Через час я снова летел за ним уже на новом самолете. Вечером мне кое-как удалось сбросить физическое и психическое напряжение. Это оказалось очень кстати: я спал как убитый.

На следующее утро мы должны были вылететь в район Новгорода. Нашей целью был большой мост через Волхов, один пролет которого рухнул под нашими бомбами. Советы пытались перебросить как можно больше солдат и припасов через Волхов и Ловать, которая впадает в озеро Ильмень южнее, пока это было возможно. Поэтому нам предстояло снова атаковать мосты. Их уничтожение задержало противника, но ненадолго. Вскоре мы это поняли. Русские навели понтонные переправы и таким образом свели к нулю ущерб от уничтожения мостов.

Эти постоянные непрерывные полеты изматывали пилотов. А нарастающая усталость приводила к печальным последствиям. Командир быстро это заметил. Телефонные приказы из штаба эскадры, которые приходили около полуночи или еще позднее, теперь выслушивали только двое. Поэтому не раз утром начинались споры: а кто из них понял приказ правильно? Каждый стоял на своем.
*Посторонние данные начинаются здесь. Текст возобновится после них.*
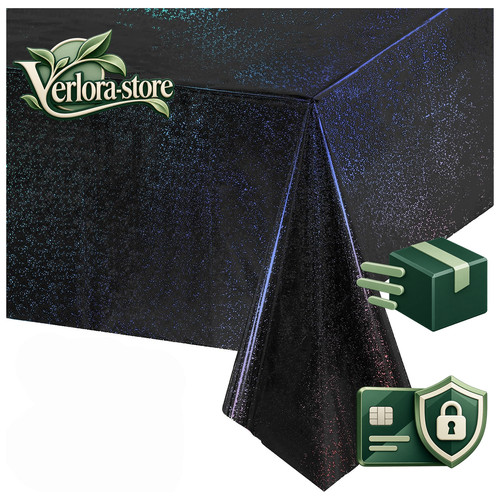 Tischdecke schwarz glitzer - tischdecke,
И причиной этому была все та же общая усталость.

Ночные брифинги штаба эскадры мне приходилось выслушивать вместе с командиром. Как-то ночью в штабной палатке зазвонил телефон. На линии был командир эскадры.

«Штеен, в 5 часов утра мы должны встретиться с истребителями сопровождения над Батьевской».
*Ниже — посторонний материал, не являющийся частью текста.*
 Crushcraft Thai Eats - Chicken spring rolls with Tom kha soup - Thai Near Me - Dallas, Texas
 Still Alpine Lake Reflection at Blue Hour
Очень важно определить точку встречи. Мы тщательно просмотрели всю карту при свете карманного фонарика, но так и не нашли Батьевской. Мы даже не представляли, где следует искать эту деревню. Наше отчаяние было таким же безграничным, как русские просторы. Наконец Штеен сказал:

«Виноват, герр командир, но я не могу найти на карте это место».

В раздраженном голосе командира отчетливо прорезался берлинский акцент:

«Что?! Как вы можете быть командиром группы и при этом не знать, где находится Батьевское!»

«Тогда научите меня читать карту, герр командир», — ответил Штеен.

Ответом было сильно затянувшееся молчание. Я посмотрел на Штеена, он посмотрел на меня. Наконец телефон ожил:

«Будь я проклят, если знаю, где это место. Но я позову к телефону Пекруна. Он точно знает, где находится эта деревня».

Его адъютант спокойно рассказал нам, где именно расположена эта крохотная деревушка, затерявшаяся в полях. Наш командир эскадры был неплохим офицером и товарищем. Когда он сердился или, наоборот, пребывал в отличном расположении духа, по говору в нем сразу можно было угадать коренного берлинца. Своей отличной дисциплиной и высоким уровнем подготовки наша эскадра была обязана именно ему.